Enfim, é muito mais do que "mero inconformismo...". Estamos colocando em xeque a função do processo, bem assim o papel do judiciário. Quando o judiciário toma o formulário PPP, produzido fora do processo, como prova absoluta da não exposição a agentes nocivos, tem-se a execução sumária do segurado.

Resta saber em que momento do caminho o processo perdeu de vista o direito material, ou melhor, o destinatário das normas previdenciárias. Não se pode falar do segurado sem considerá-lo, simultaneamente, como ser biológico, psicológico e social, alguém de carne, osso e história.

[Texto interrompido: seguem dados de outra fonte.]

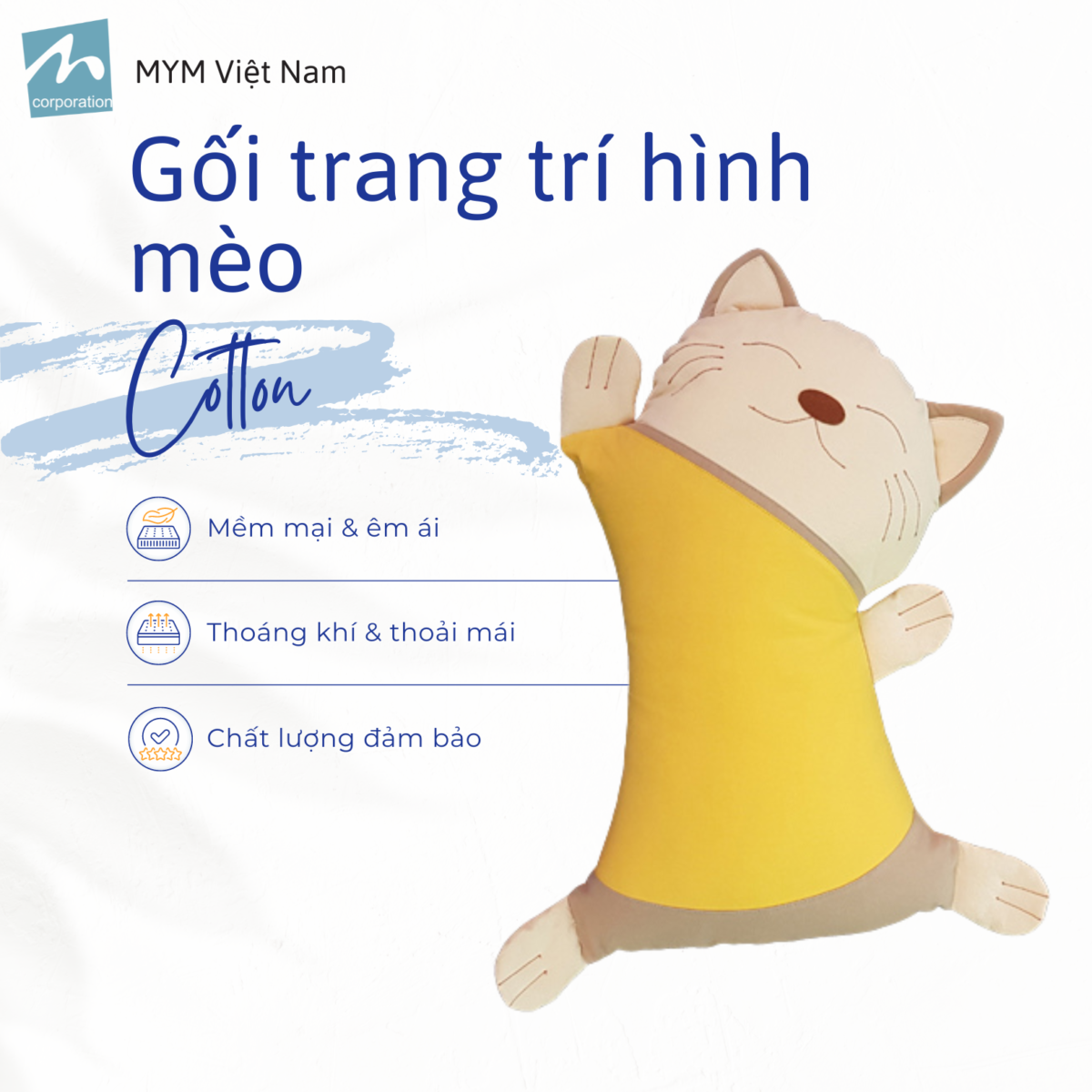 Gối Trang Trí Hình Mèo Cotton Xốp Đắp Mẫu 8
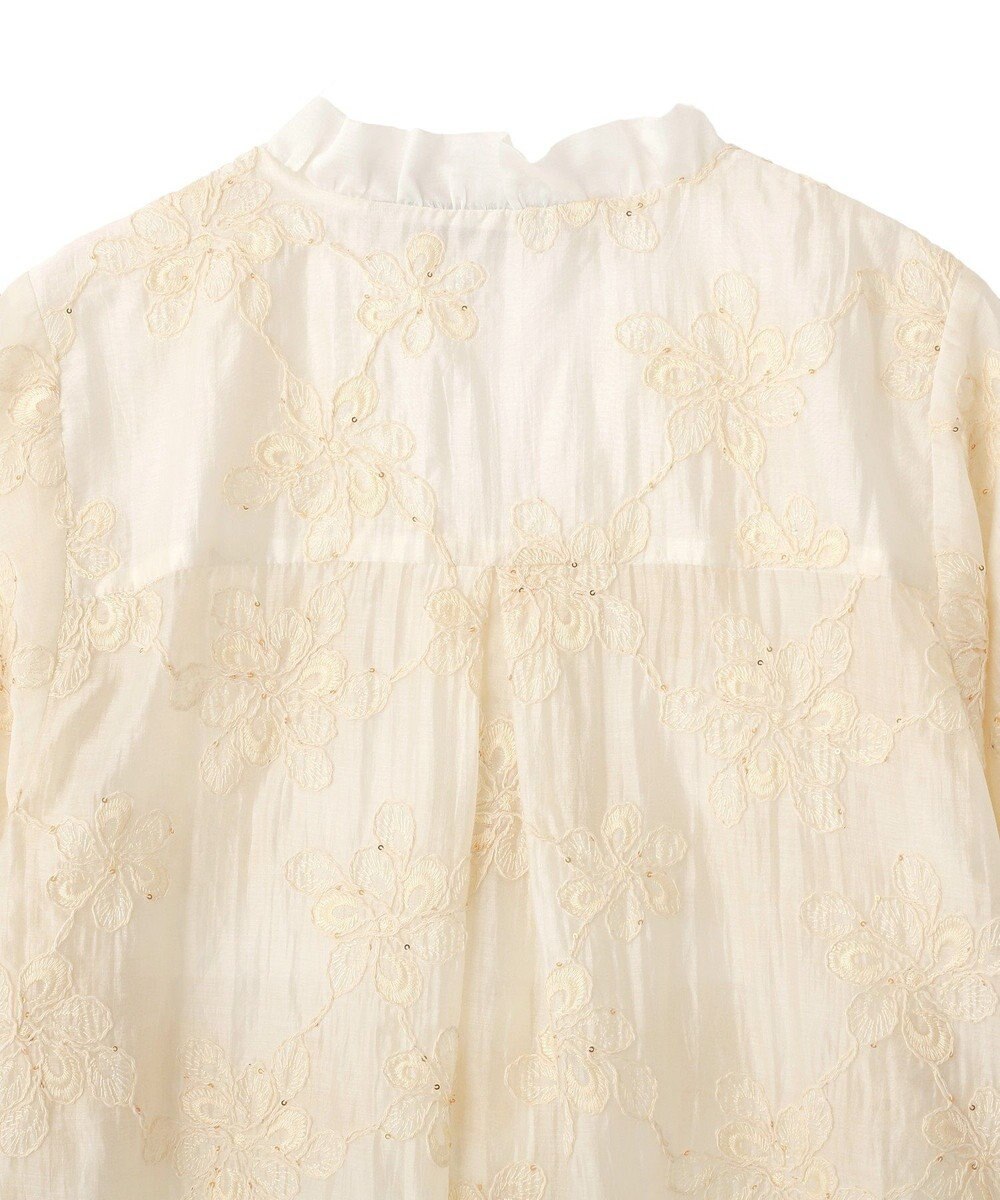 YECCA VECCA フリルVネック刺繍シアーシャツ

O pensamento dogmático (e aqui reside sua grande armadilha) acabou por acreditar que a parte podia ser separada do todo. O segurado, manipulado artificialmente nos autos do processo, se transforma num fragmento do real. Depois de transformado no autor, de mais um processo, esquecemos de sua condição humana, do seu projeto de vida.

O processo previdenciário, em que não observado o devido processo legal, transformou-se no lugar perfeito para se fazer a frase feita, afinal, “sem contraditório, tudo é possível”.[1] Desde o formulário preenchido “sem inconsistências” não indica a exposição a agentes químicos até a utilização de juízos de mero verossimilhança, isto é, presunções do tipo: mesmo que estivesse exposto a algum agente químico e/ou dada a diversidade de atividades, o contato não poderia ser habitual ou permanente. Neste nível, o julgador não precisa se preocupar com a forma como dispersam ou como os agentes químicos entram em contato com o trabalhador. “Tudo se resume, se presume, se reduz” (HG).

É comum dizer que o galo canta para saudar a manhã que chega; mas, quem sabe, ele canta melancolicamente a tristeza pela noite que se esvai. É comum dizer que os trabalhadores de empresas calçadistas estão expostos a solventes e colas, produtos altamente tóxicos; mas, quem sabe, não passa de uma colinha à base d’água. Os procuradores do INSS estão adorando esse jogo de narrativas. Esse tipo de narrativa vem “colando” em matéria previdenciária. Isso porque tal alegação vai ao encontro de julgadores que não querem saber ou verificar a real situação do labor. O benefício da dúvida em favor do INSS e, sobretudo, da celeridade e da economia processual.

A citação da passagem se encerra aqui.